Leggete (ma anche no) questo periodo:

Nei  confronti  degli  acquirenti  di  immobili  adibiti  a propria abitazione  ovvero  di  immobili  di  nuova  costruzione  ad  uso  di abitazione  non  di  lusso,  secondo i criteri di cui all’articolo 13 della  legge  2  luglio  1949,  n.  408 e successive modificazioni, e comunque  non  aventi  le  caratteristiche previste per le abitazioni classificate  nelle  categorie  catastali A 1, A 7, A 8, A 9, ubicati nei  comuni  con  popolazione superiore ai 300.000 abitanti secondo i dati  pubblicati  dall’Istat per l’anno 1980 e nei comuni confinanti, nonché’  nei  comuni compresi nelle aree individuate con le modalità previste  dall’articolo  13,  secondo  comma,  del  decreto-legge  23 gennaio  1982,  n.  9,  convertito in legge, con modificazioni, dalla legge  25  marzo 1982, n. 94, e concessi in locazione alle condizioni di  cui  al  titolo I, capo I, della legge 27 luglio 1978, n. 392, il limite  di  lire  4  milioni  di  cui alla lettera c) del primo comma dell’articolo  10  del  decreto  del  Presidente  della Repubblica 29 settembre 1973, n. 597, e successive modificazioni, e’ elevato a lire 7  milioni  a  condizione  che  la  parte  eccedente detto limite sia costituita da interessi passivi e relativi oneri accessori nonché da quote  di rivalutazione per effetto di clausole di indicizzazione per i mutui indicizzati di cui all’articolo 15 della legge 5 agosto 1978, n. 457, pagati per l’acquisto degli immobili medesimi.

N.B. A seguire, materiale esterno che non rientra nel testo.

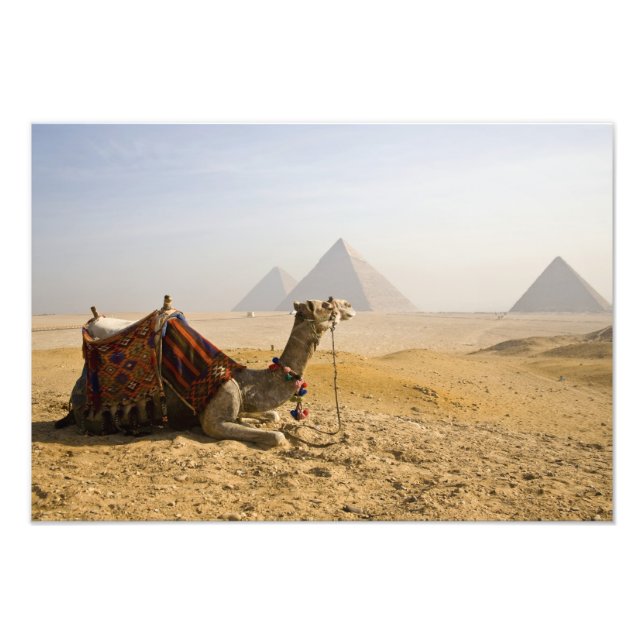 Foto Egito, Cairo. Um camelo solitário (Frente)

E’ un articolo di una legge del 1982, poi abrogato. Ed è incomprensibile, al pari di molte leggi, decreti, sentenze, circolari ecc., scritti in un linguaggio burocratico oscuro.  Tradotto in italiano corrente l’articolo vuol dire semplicemente che chi ha comprato casa entro il 1983, sotto certe condizioni, può detrarre dalle imposte il costo dei mutui fino a 7 milioni di lire.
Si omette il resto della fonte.